Install Inkscape on Linux

Inkscape is available for Linux, Windows, and macOS.

On Fedora, Mageia, and similar distributions, you can install it with your package manager:

$ sudo dnf install inkscape

On Elementary, Mint, and other Debian-based distributions:

$ sudo apt install inkscape

Personally, I use Inkscape as a Flatpak.

Drawing in Inkscape

The best way to learn is to do, and there's nothing quite as festive as a sugar skull, so you may as well celebrate your soon-to-be-discovered new talent by drawing one.

Whether or not you consider yourself an illustrator, open Inkscape and find the Circle tool. You can find all the drawing tools along the left side of the Inkscape window.

Once you've selected the circle tool, click and drag on the canvas to draw an ellipse. It doesn't have to be a perfect circle, but if you want it to be, you can hold down Ctrl as you draw.

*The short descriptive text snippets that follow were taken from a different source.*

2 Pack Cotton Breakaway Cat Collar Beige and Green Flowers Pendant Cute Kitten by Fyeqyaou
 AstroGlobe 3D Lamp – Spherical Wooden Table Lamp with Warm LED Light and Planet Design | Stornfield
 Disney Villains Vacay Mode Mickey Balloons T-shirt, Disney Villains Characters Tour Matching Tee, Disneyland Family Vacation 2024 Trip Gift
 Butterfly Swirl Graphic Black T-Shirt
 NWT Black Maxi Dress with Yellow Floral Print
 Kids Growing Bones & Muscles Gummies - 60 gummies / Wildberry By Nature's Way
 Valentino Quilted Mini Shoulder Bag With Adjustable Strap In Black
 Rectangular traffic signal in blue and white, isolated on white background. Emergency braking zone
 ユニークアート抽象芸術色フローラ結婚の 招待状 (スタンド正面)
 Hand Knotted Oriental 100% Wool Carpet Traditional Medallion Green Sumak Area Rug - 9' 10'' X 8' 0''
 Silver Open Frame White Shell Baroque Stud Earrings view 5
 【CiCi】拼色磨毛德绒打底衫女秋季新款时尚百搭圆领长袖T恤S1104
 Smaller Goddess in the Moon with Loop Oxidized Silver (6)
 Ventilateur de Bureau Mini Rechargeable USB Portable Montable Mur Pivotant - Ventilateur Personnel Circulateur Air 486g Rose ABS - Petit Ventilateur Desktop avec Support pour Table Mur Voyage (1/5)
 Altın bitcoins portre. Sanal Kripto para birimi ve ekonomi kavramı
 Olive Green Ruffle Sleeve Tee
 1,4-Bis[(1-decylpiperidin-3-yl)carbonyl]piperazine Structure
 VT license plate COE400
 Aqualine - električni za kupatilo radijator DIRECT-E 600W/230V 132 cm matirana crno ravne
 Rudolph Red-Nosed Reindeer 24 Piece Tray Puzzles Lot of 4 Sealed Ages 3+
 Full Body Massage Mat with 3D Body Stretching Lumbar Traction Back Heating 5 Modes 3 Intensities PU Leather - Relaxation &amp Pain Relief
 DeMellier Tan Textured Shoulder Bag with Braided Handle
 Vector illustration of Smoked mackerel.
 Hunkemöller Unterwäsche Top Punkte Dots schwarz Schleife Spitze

You've just drawn a shape. It may or may not look exactly like the one I've drawn, and that's OK. There are at least two standard properties to any shape you draw in Inkscape: the fill and the stroke. The stroke is the outline of a shape, and the fill is the part within the outline. You can customize both with the Fill and Stroke panel.

You can access the property panels (Inkscape calls them "Dialogs") with the icons on the right side of the Inkscape window. The Fill and Stroke dialog has three tabs: Fill, Stroke Paint, and Stroke Style. In the Fill and Stroke dialog, select the Fill tab and set the fill type to Flat color. Use the color wheel to give the fill of your shape a color. Then select the Stroke paint tab, set the stroke type to Flat color, and set a stroke color.

Unifying objects

Next, use the rectangle tool to draw a jaw for the skull.

If you squint a little, this resembles the basic outline of a skull shape. That's a good start, but to smooth out some of the internal lines that aren't needed, you can unify the two separate shapes you've drawn, so it looks like you've just drawn one thing. This is a little like what real illustrators do when drawing with a pencil on paper: They erase a lot because there are many sketch lines that people should never see.

To make your two shapes into one, click on the Select and transform tool (the cursor icon at the top of the left toolbar). Click the circle, and then Shift+click the rectangle. Alternately, you can click and drag anywhere on your canvas to select all shapes you "lasso." Once both shapes are selected, go to the Path menu and select Union.

Duplicating objects

Now that you're an old pro at drawing circles in Inkscape draw one circle (yes, just one) to serve as the eye sockets of your skull illustration. Once you have one eye drawn, draw an ellipse that cuts off the lower third of the eye socket and select both.

With both selected, go to the Path menu and select Difference. This removes the topmost shape, plus everything it's covering, from the bottom shape. In this case, that leaves you with an eye socket with a pleasant suggestion of a "cheek" or, more precisely, cheek bone.

Now that you have the shape of the eye socket, you need a second eye socket. Instead of trying to replicate your work exactly, you can have Inkscape just duplicate the shape for you. Click on the eye socket, go to the Edit menu, and select Duplicate. The shape gets duplicated in place. It probably doesn't look like anything happened, but it's there, just on top of the other.

With one eye socket still selected, go to the Object menu and select Flip Horizontal. You can see the other eye socket now because one's got flipped. So Ctrl+drag one eye socket to the left or the right until you're happy with the spacing. The Ctrl key ensures that you're dragging in a straight line.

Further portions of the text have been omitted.